Customs is of the opinion that the instant manufacturing operations are distinguishable from the manufacturing operations noted in the cited HQ rulings. For example, in HQ 958655, the manufacturing of the turtleneck of Production Plan I involved joining shoulder seams and the attachment of a collar in Country A, while the sleeves were attached, the side seams joined, and the attachment of the rib band cuffs to the sleeves were completed in Country B. Whereas in this instance, the subject shirt involves the sewing and attachment of a placket, the sewing and attachment of the collar, the joining of the shoulder seams, and the attachment of the cuffs to the sleeve ends in China as compared to the attachment of the sleeves, the sewing of the side seams, and the completion of other minor finishing and assembly operations in Cambodia. Therefore, the manufacturing operations occurring in China are considerably more important than those occurring in Cambodia. Moreover, the manufacturing operations occurring in China in this instance are also considerably more important than the manufacturing operations taking place in Country B in the cited ruling.

You also address the country of origin of T-Shirt Production Plan I at issue in HQ 958655. It is important to note in that particular instance Customs could not determine which operations were most important and concluded in accordance with Section 102.21(c)(5) that the last country , Country B, in which an important assembly occurred was the country of origin. Country B happened to be the country where the side seams were sewn and the sleeves where attached. Consequently, Customs did not deem the sewing of the side seams and the sleeves the most important assembly or manufacturing process.

Similarly, you refer to HQ 958640 in support of your position that the country of origin of the subject shirt is Cambodia. The manufacturing operations therein are as follows, in Country A, the collar was attached to the front and back panels, the placket was attached to the front panel and the assembly operations in Country B included attaching the sleeves to the panels, sewing the side seams, and attaching the sleeve bands. Your reference to HQ 958640 implies that Customs conclusion was based on the fact that the operations performed in Country B which are similar to, but not identical, to the operations performed in Cambodia, were the most important. However, Customs determined in HQ 958640 that the assembly operations completed in both Countries A and B were of equal importance and pursuant to Section 102.21(c)(5), Country B was the country of origin since it was the last country where an important assembly operation occurred.

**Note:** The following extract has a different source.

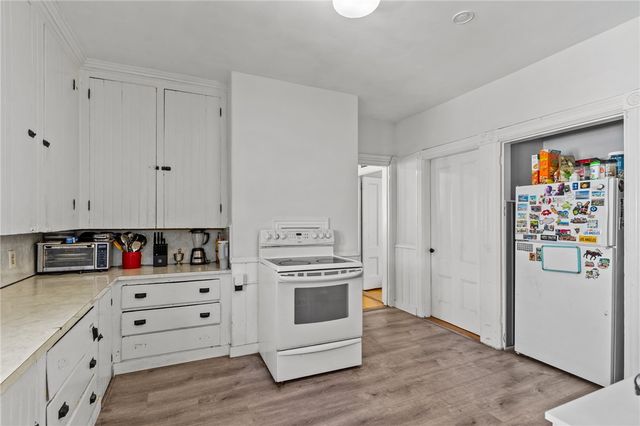 16 Ruggles Street, Providence, RI 02908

Finally, in HQ 958930, dated May 28, 1996, Customs determined the country of origin of a polo-style shirt very similar in construction to the subject polo shirt. In Scenario 2 of that ruling, in Country A, fabric was cut, shoulder seams were joined, cuffs were attached to sleeves, and the collar was attached. In Country B, the sleeves were attached and the side seams were sewn. Customs determined that the country of origin of the polo shirt pursuant to Section 102.21(c)(4) was Country A. This manufacturing scenario is similar to the instant manufacturing scenario with the exception of the creation of the buttonholes and the attachment of the buttons in Cambodia. Consequently, this ruling supports Customs conclusion that the country of origin of the instant polo shirt is China.

HOLDING:

The country of origin of the polo shirt in accordance with Section 102.21(c)(4) is China.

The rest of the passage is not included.